Aloízio Maranhão – Numa entrevista do Eugênio Bucci à Folha, ele colocou uma questão importante sobre o caráter da Radiobrás, que é o braço de comunicação do Estado – se a Radiobrás é um instrumento de Estado ou de governo –, e ele se posicionando a favor de que é um instrumento de Estado, respondendo as críticas que sofreu e sofre dentro do PT, [dos] que acham que a Radiobrás deveria ser instrumento de governo. Qual o posicionamento que o governo tomou a final com relação a essa questão?


André Singer – Eu sou do Conselho de Administração da Radiobrás, estive no Conselho nesses quatro anos. Julgo que foi feito um trabalho administrativo maravilhoso lá. Aliás, nós estamos em um estúdio da Radiobrás, nós estamos falando daqui. Além disso, eu acho que a conduta da Radiobrás foi uma conduta republicana, de buscar informar o cidadão, como diz o próprio lema adotado durante esses anos: ‘Pelo direito à informação’. Claro que, como toda atividade humana, deve ter cometido erros como eu cometo erros diariamente, isso é normal. Mas a política adotada é essa de garantir ao cidadão informação mais objetiva possível sobre as ações do governo e os assuntos que dizem respeito à vida nacional, do ângulo de um conjunto de veículos que são do Estado brasileiro. Isso só foi possível porque o nosso governo garantiu e sustentou esse projeto. Eu, com sinceridade, em nenhum momento vi – e creio que isso o próprio Eugênio repetiu diversas vezes – algum ataque vindo do PT a essa política. Novamente, eu penso que alguns temas provocam falsos debates.


No que diz respeito ao que é fundamental, garantir que as emissoras do Estado brasileiro serão porta-vozes de notícias objetivas, equânimes, que não vão distorcer, e que os recursos públicos não serão usados com outro objetivo que não o de informar a população, eu acho que quanto à continuidade dessa política não há nenhuma dúvida.


‘A expansão do debate é benéfica à sociedade brasileira’


Ricardo Gandour – O que esperamos é que tenhamos a oportunidade de trazer à sociedade mais e melhores informações.
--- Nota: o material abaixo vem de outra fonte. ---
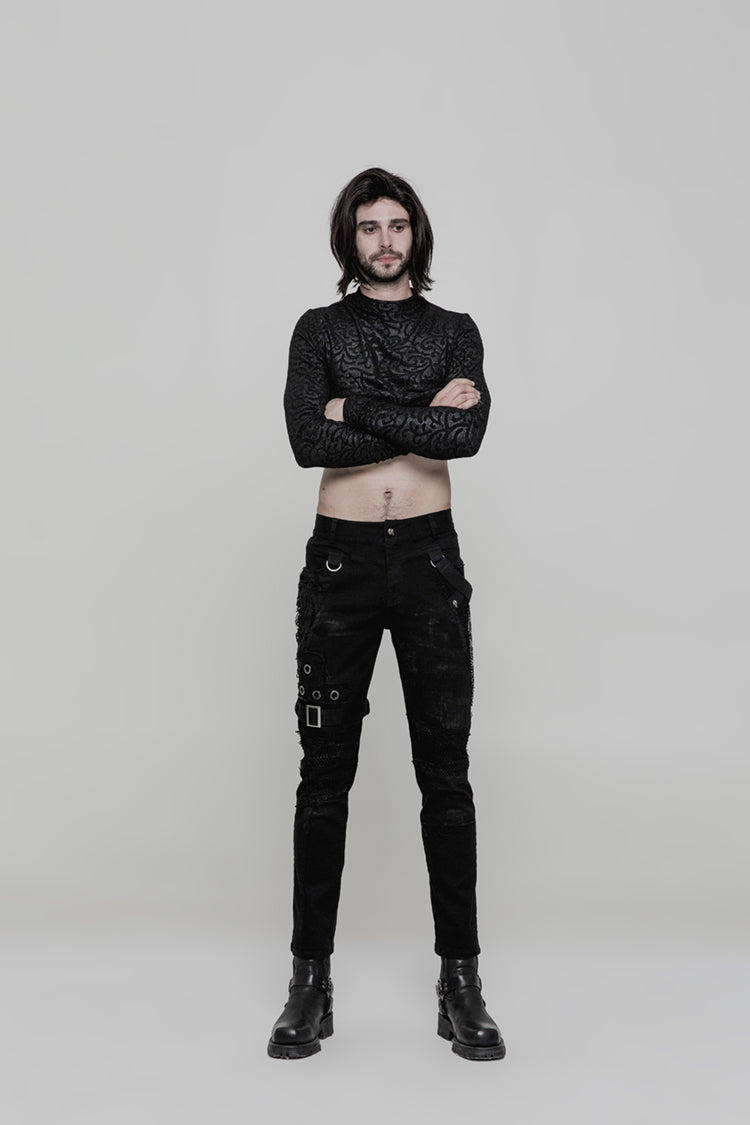 Figurbetonende Punkhose mit Nieten, Riemen und Distressed Details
Queria te desejar boa sorte no seu trabalho no segundo mandato e que a gente ouça muito o governo, converse muito com o governo.
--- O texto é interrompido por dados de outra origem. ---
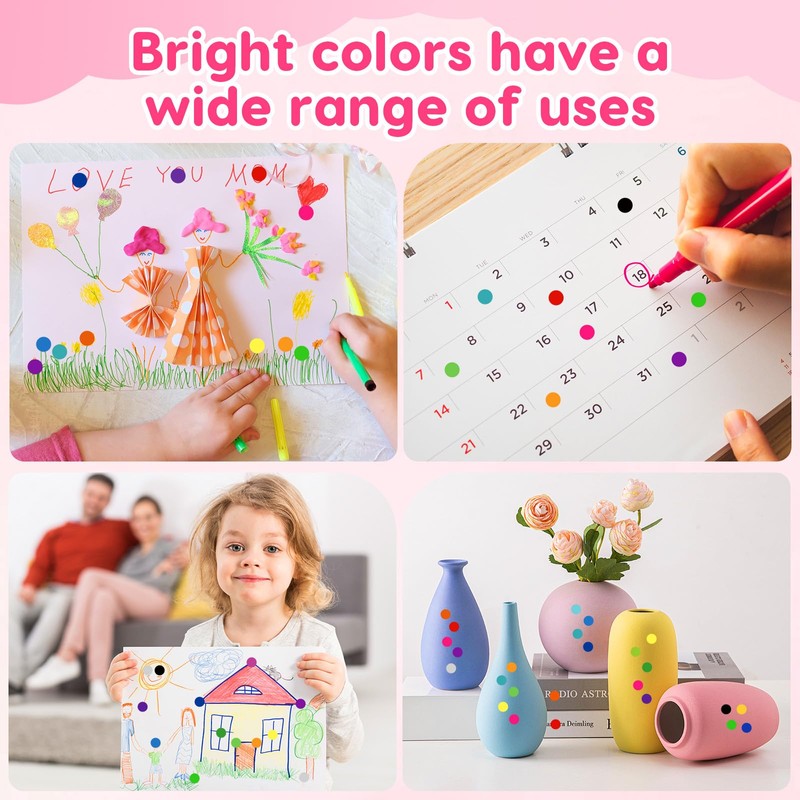 12000 PCS 1/4" Small Round Color Coding Dot Stickers -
Aloízio Maranhão – Algumas colocações que você fez aqui eu vi com muito prazer e sei que são sinceras em relação a liberdade de imprensa, separação [entre] Estado e governo, falsas discussões ou discussões enviesadas sobre suposta democratização dos meios de comunicação ou imprensa independente – e estou convencido que você é uma voz sensata nos espaços de poder que você pode atuar, e acho que você seguramente advoga aquela visão de que, excessos e falhas à parte, a imprensa procura veicular fatos. Nem sempre os fatos são agradáveis e esse não é um problema da imprensa. É um problema da contingência da vida real.


André Singer – Gandour e Aloízio, muito obrigado pelas palavras, são recíprocas. Acho que é muito bom a gente se encontrar, ainda que à distância, para um debate como esse. Concordo que nós precisamos do contraditório. Volto a dizer que a expansão do debate só é benéfica à sociedade brasileira. E queria acentuar que para que esse debate possa fluir bem, é preciso o cuidado com o equilíbrio das vozes em cada momento que possa permitir que os vários lados se apresentem numa certa igualdade de condição para que os leitores, os telespectadores, os ouvintes e os internautas possam julgar o que está sendo dito e tirar a melhor conclusão. A gente tem muito a ganhar em estar junto nesse tipo de postura comum, de defesa da liberdade de imprensa e de saber que isso é algo que só vai trazer frutos positivos tanto para o governo quanto para a própria imprensa e para a sociedade. Espero que a gente possa continuar juntos nesse caminho.